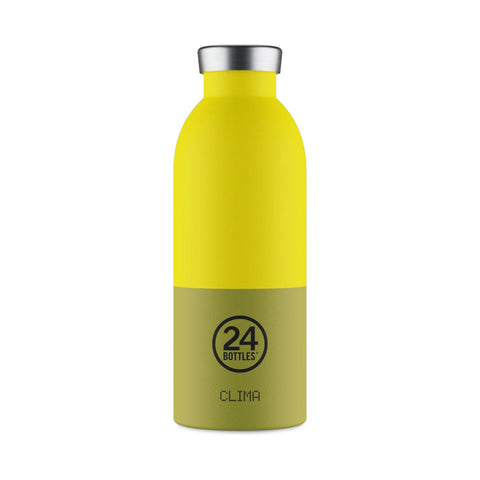CLIMA FLASCHE 500 ML 24 FLASCHEN SOLARGRÜN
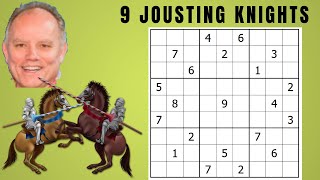 Nobody puts NINE in the corner!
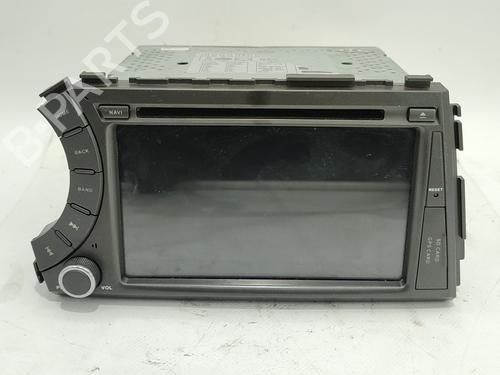 Used Radio Radio SSANGYONG KYRON 2.0 Xdi 4x4 (141 hp) 31630449 31630449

> What you should do
Without including any picture, write out the material above exactly.

> Exercise answer
CLIMA FLASCHE 500 ML 24 FLASCHEN SOLARGRÜN
 Nobody puts NINE in the corner!
 Used Radio Radio SSANGYONG KYRON 2.0 Xdi 4x4 (141 hp) 31630449 31630449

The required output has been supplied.